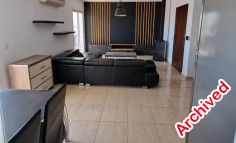 2 bedroom apartment to rent in Archangelos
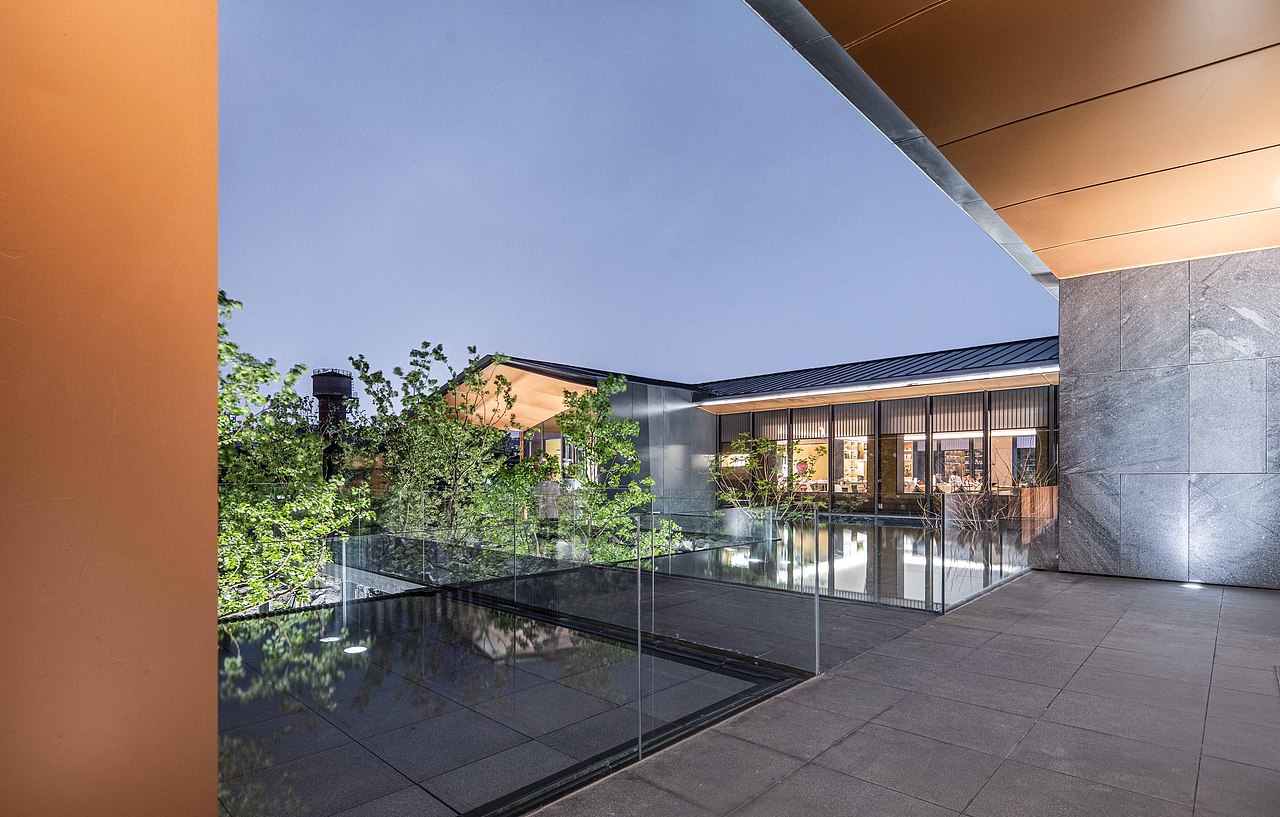 旭辉时代天际景观（图ZMjkyNTA5MDQ4） - 环境/建筑摄影 - 站酷设计师钟子鸣Jerry原创素材 - 站酷ZCOOL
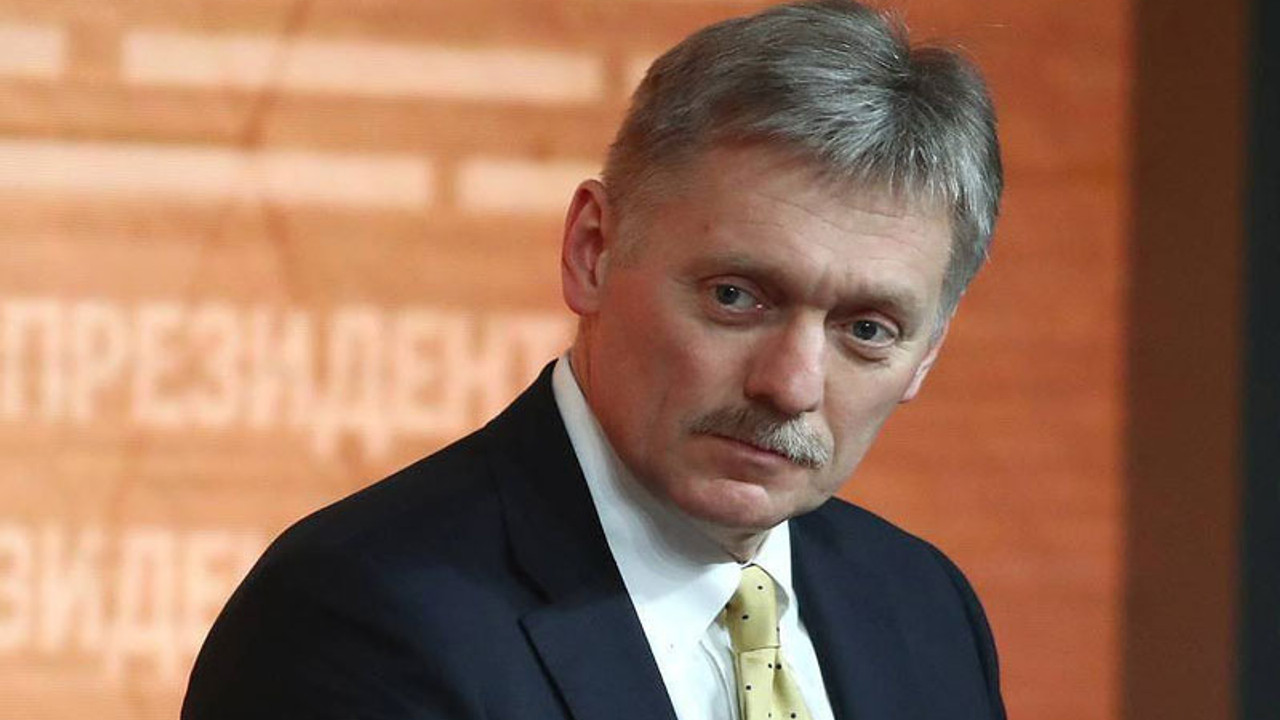 Peskov'dan ‘Rusya ie ABD soğuk savaşta mı' sorusuna yanıt: İyisini umarız, kötüsüne hazırlanırız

━━━━━━━━━━━━━━━━━━━━━━━━━━━━━━

→ Problem details:
The listing must be returned in full and exactly, apart from its pictures.

→ Worked solution:
 2 bedroom apartment to rent in Archangelos
 旭辉时代天际景观（图ZMjkyNTA5MDQ4） - 环境/建筑摄影 - 站酷设计师钟子鸣Jerry原创素材 - 站酷ZCOOL
 Peskov'dan ‘Rusya ie ABD soğuk savaşta mı' sorusuna yanıt: İyisini umarız, kötüsüne hazırlanırız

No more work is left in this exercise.